» TASK MATERIAL:
______________________________

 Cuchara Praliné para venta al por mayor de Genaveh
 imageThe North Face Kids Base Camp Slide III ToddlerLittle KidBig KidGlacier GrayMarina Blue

______________________________

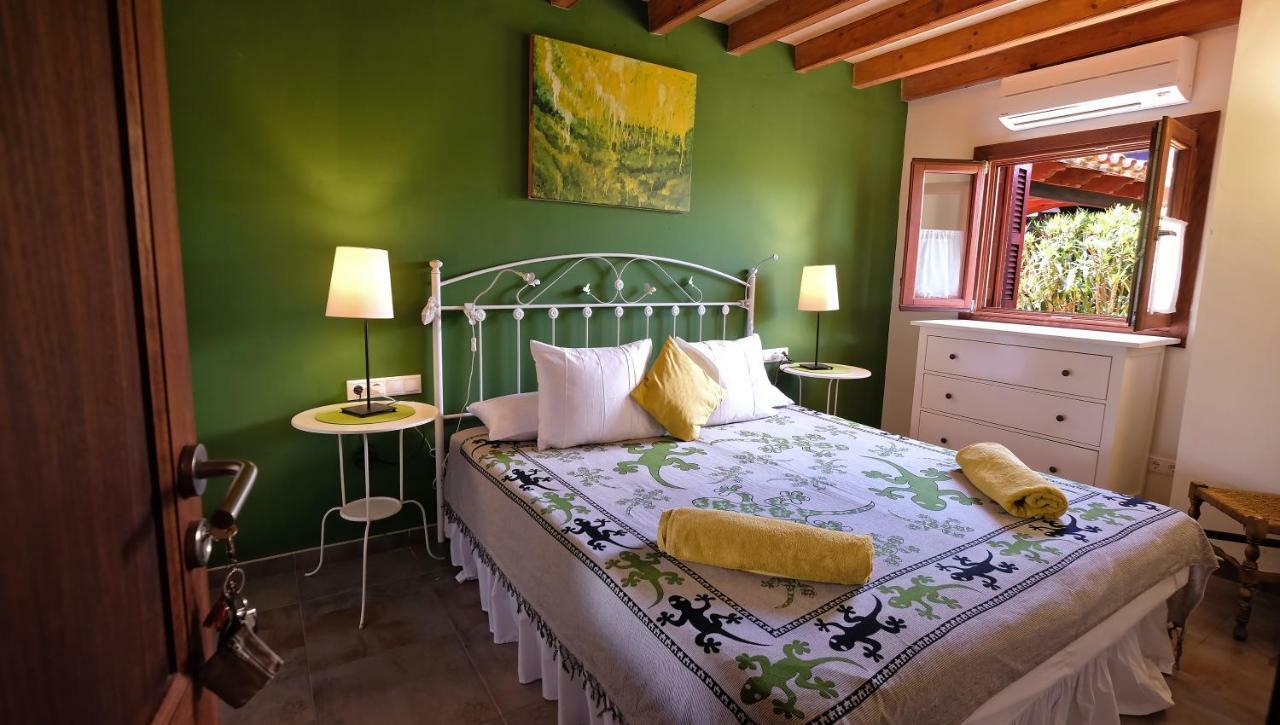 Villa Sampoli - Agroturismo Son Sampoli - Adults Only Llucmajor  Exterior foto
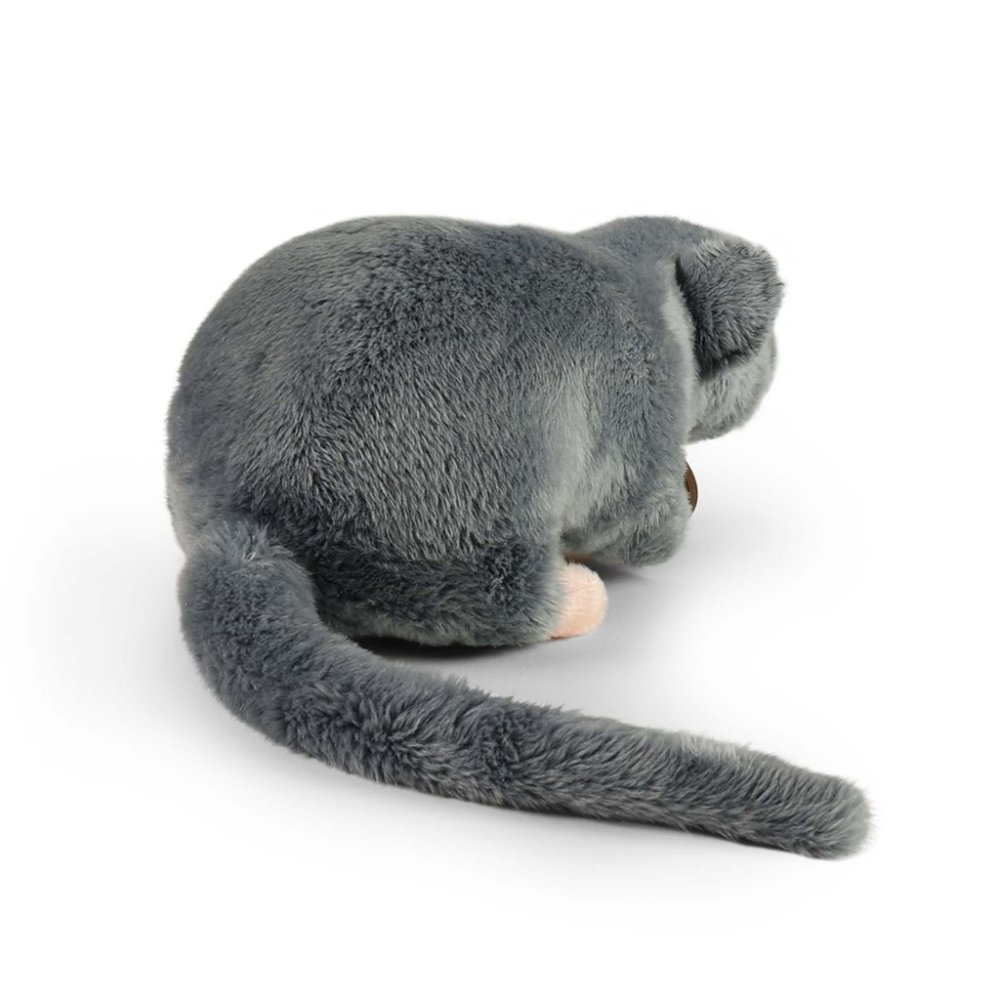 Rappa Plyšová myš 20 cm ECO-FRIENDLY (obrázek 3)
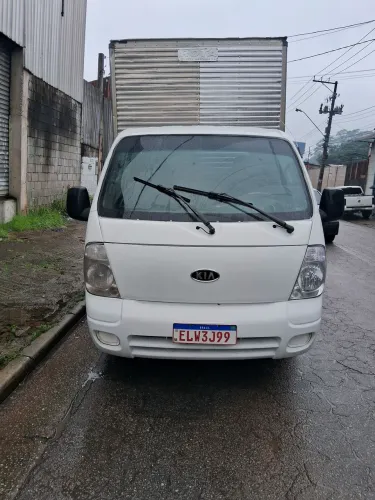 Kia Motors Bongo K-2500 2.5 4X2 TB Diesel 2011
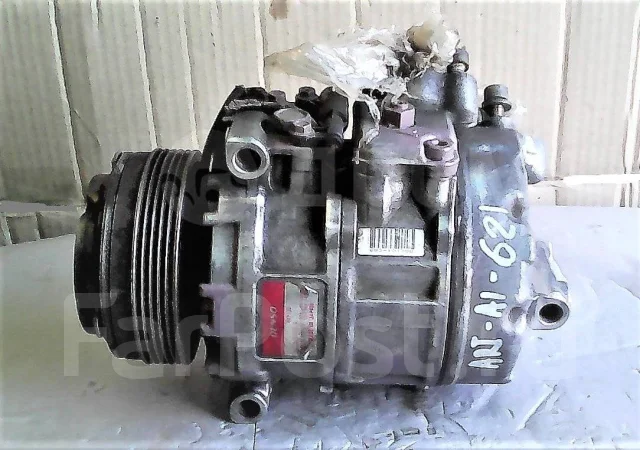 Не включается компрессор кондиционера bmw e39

______________________________

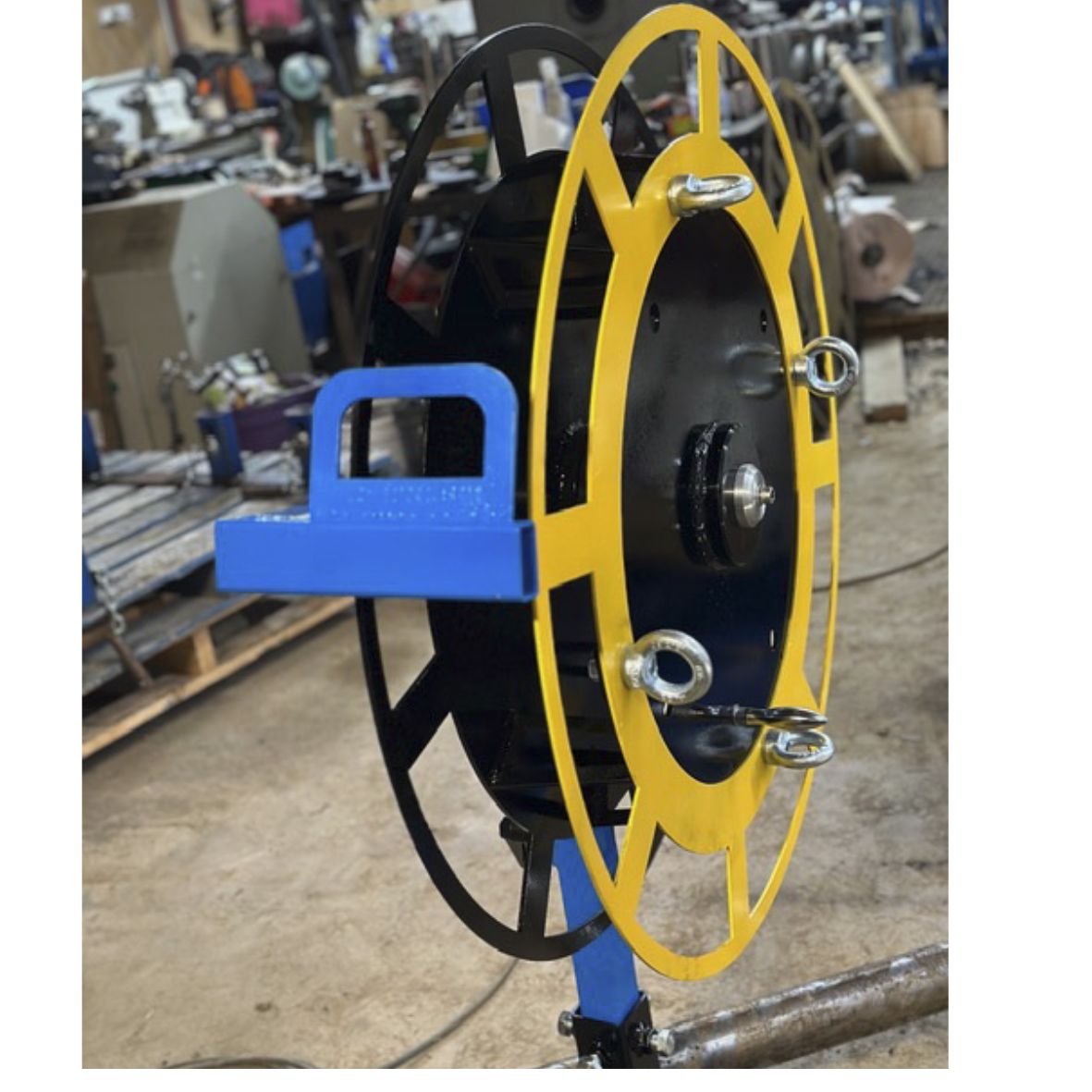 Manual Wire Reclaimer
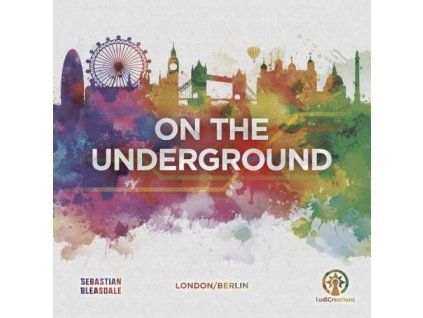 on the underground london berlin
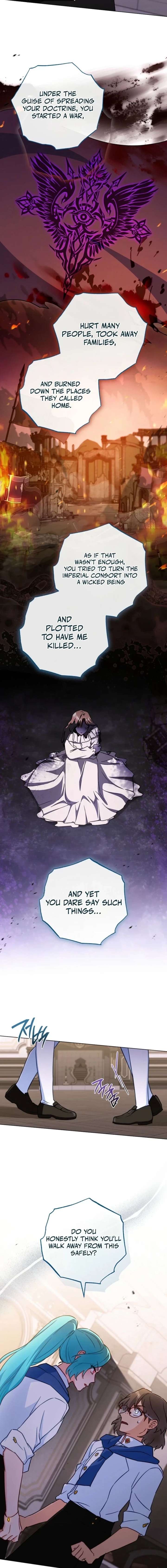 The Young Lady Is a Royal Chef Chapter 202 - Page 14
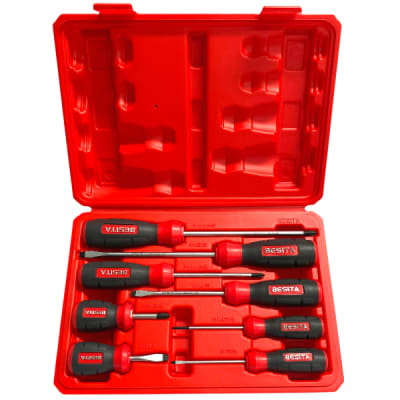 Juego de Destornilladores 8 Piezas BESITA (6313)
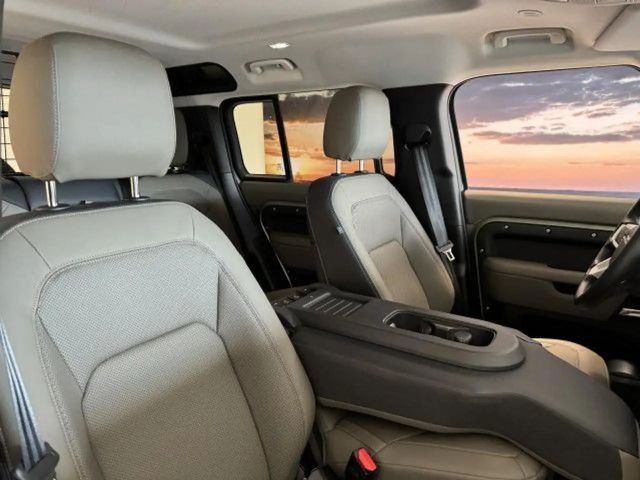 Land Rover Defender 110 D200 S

______________________________

» WHAT YOU NEED TO DO:
Lines wanted from the listing above: the line with "Cuchara Praliné para" up to and including the line with "imageThe North Face". Please write them out exactly, adding nothing else.

» ANSWER:
 Cuchara Praliné para venta al por mayor de Genaveh
 imageThe North Face Kids Base Camp Slide III ToddlerLittle KidBig KidGlacier GrayMarina Blue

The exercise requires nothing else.